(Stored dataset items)
= Beginning of Section =
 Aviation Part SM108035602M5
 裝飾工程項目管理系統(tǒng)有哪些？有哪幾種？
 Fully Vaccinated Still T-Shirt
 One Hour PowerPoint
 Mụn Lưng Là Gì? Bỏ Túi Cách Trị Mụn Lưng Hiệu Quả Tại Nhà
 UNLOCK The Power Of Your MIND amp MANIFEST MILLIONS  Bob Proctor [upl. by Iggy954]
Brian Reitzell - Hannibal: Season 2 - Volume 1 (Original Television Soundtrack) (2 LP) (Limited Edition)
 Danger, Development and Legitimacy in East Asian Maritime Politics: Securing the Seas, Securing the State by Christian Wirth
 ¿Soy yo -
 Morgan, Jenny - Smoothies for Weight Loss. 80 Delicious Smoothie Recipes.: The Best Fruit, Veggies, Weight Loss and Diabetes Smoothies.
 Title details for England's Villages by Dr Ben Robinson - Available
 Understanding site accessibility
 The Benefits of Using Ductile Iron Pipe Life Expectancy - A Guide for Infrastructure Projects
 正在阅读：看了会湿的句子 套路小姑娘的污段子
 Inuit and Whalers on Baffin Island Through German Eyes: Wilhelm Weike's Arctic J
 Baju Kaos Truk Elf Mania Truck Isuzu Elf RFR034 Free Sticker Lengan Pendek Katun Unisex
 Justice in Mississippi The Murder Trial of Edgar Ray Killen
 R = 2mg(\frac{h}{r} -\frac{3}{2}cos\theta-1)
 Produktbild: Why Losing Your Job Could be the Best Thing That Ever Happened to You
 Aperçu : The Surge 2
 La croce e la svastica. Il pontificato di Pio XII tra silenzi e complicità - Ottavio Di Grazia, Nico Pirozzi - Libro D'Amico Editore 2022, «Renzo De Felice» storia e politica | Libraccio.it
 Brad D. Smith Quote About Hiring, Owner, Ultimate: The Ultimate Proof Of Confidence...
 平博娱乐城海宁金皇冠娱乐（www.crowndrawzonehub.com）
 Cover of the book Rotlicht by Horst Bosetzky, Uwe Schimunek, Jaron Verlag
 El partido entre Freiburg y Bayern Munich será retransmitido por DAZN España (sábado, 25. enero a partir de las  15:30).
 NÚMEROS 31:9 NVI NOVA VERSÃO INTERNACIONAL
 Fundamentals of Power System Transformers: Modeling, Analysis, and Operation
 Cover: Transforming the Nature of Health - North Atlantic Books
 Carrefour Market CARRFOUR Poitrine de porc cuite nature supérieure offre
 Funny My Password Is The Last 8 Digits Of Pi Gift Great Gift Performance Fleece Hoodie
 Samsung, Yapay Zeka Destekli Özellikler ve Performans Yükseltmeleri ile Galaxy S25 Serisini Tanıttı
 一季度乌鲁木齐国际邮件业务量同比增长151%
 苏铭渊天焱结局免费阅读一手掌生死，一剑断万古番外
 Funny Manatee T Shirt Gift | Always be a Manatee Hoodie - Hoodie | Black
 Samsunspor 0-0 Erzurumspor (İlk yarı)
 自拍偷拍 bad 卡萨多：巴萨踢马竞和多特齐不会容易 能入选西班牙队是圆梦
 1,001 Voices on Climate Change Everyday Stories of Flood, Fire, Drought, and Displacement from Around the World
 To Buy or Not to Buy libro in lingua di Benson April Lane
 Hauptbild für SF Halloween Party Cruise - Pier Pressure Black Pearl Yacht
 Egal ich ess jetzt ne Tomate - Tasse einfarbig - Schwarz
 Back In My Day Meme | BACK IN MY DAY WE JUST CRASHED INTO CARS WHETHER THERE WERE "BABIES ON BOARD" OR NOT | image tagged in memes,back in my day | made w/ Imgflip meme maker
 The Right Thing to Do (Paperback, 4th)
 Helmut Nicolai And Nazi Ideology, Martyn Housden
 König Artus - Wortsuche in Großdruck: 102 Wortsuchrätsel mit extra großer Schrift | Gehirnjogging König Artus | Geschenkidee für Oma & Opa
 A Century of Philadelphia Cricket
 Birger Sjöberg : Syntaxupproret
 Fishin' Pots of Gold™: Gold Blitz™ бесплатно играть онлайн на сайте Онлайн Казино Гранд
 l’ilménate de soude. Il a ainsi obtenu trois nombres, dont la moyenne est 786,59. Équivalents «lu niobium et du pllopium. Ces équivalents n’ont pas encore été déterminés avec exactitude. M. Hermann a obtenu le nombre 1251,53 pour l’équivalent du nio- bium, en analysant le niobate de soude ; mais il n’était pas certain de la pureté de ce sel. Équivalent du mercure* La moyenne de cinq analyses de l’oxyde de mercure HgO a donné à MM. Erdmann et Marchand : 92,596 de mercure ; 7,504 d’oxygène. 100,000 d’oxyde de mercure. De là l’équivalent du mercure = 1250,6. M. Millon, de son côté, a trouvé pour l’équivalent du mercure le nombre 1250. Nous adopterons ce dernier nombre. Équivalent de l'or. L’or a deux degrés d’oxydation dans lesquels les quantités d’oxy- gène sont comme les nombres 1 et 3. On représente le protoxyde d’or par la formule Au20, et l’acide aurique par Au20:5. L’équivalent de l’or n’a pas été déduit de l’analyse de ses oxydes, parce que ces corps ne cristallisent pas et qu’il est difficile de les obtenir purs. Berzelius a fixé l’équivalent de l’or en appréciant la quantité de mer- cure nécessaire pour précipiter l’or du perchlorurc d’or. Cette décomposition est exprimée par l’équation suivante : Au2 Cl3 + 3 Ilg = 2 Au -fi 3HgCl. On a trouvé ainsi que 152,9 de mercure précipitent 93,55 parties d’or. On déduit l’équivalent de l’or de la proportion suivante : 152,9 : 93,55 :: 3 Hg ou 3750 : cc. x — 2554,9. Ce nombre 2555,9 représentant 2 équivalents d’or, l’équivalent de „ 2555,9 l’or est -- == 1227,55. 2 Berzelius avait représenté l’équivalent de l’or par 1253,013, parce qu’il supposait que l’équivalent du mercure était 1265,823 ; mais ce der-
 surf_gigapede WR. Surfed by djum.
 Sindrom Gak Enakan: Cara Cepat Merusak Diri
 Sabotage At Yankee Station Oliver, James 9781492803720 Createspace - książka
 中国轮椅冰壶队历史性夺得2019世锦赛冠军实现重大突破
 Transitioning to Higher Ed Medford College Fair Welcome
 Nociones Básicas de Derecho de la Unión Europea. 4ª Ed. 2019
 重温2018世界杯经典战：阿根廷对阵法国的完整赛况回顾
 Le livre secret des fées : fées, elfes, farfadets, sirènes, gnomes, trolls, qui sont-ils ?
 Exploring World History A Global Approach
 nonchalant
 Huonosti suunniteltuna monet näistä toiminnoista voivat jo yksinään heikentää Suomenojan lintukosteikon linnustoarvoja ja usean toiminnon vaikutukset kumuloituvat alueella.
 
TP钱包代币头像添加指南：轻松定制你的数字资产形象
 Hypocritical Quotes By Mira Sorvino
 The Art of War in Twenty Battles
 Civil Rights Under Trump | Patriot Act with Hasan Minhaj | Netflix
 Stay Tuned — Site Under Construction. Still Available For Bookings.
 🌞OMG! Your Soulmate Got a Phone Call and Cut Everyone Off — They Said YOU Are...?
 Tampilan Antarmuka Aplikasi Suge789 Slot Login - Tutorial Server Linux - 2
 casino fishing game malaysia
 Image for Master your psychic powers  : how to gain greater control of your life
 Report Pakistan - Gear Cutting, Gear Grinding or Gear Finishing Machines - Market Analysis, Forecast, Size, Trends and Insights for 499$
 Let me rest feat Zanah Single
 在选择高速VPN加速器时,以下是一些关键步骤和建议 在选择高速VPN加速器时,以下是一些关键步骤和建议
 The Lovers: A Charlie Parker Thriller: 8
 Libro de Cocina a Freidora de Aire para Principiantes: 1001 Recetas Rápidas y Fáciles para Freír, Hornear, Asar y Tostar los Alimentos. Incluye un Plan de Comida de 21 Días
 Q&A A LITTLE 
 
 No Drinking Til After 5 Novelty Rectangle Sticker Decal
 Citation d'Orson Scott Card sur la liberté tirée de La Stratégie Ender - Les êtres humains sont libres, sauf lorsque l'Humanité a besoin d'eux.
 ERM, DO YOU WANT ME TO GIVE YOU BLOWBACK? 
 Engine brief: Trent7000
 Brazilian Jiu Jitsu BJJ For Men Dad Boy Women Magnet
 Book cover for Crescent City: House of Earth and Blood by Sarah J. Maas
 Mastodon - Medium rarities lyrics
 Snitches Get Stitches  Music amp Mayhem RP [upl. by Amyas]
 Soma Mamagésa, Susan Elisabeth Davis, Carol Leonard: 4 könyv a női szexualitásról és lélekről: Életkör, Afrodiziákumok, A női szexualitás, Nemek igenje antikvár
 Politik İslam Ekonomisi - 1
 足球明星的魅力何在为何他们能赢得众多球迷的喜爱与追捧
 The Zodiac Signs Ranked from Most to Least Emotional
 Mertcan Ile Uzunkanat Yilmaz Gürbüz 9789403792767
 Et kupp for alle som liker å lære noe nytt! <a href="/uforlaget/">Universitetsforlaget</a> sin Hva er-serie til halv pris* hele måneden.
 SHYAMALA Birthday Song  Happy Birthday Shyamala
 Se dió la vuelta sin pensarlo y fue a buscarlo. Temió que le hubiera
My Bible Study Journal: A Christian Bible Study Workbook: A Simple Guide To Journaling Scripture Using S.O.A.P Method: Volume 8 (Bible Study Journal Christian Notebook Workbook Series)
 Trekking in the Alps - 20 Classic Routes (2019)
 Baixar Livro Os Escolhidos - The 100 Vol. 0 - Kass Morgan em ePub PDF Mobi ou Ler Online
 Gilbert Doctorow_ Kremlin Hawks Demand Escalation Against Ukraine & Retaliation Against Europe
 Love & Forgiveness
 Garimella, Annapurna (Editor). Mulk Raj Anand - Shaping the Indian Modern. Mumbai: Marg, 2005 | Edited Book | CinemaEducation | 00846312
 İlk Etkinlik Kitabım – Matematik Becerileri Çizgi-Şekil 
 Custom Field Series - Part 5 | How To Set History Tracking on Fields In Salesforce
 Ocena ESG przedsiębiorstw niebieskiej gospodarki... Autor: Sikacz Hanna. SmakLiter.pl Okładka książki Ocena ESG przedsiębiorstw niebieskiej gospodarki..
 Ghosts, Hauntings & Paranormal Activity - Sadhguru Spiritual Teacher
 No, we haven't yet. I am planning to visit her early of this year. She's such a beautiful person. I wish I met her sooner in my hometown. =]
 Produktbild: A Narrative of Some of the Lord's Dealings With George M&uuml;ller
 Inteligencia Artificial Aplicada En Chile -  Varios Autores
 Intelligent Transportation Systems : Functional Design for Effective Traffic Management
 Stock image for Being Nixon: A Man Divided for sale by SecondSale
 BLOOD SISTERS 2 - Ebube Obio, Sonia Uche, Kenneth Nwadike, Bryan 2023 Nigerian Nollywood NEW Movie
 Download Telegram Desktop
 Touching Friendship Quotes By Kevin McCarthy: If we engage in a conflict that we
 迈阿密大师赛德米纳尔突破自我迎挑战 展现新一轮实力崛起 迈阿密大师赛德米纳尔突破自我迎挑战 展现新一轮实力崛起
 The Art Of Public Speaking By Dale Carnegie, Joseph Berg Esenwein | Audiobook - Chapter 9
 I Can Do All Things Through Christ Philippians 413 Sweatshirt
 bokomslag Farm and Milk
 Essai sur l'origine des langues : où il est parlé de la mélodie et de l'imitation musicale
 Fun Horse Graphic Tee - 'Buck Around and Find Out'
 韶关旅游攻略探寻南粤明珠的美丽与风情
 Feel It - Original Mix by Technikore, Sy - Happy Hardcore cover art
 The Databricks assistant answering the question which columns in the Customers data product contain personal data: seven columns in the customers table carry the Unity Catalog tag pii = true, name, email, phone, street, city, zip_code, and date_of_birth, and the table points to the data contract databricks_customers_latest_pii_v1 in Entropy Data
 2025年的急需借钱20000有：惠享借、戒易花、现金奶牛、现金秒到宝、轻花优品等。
= End of Section =
§ **What to work on**: Only the lines from the top of the data through the line that contains "Brian Reitzell - Hannibal: Season" should be quoted, exactly as they stand.

§ **Answer box**:
 Aviation Part SM108035602M5
 裝飾工程項目管理系統(tǒng)有哪些？有哪幾種？
 Fully Vaccinated Still T-Shirt
 One Hour PowerPoint
 Mụn Lưng Là Gì? Bỏ Túi Cách Trị Mụn Lưng Hiệu Quả Tại Nhà
 UNLOCK The Power Of Your MIND amp MANIFEST MILLIONS  Bob Proctor [upl. by Iggy954]
Brian Reitzell - Hannibal: Season 2 - Volume 1 (Original Television Soundtrack) (2 LP) (Limited Edition)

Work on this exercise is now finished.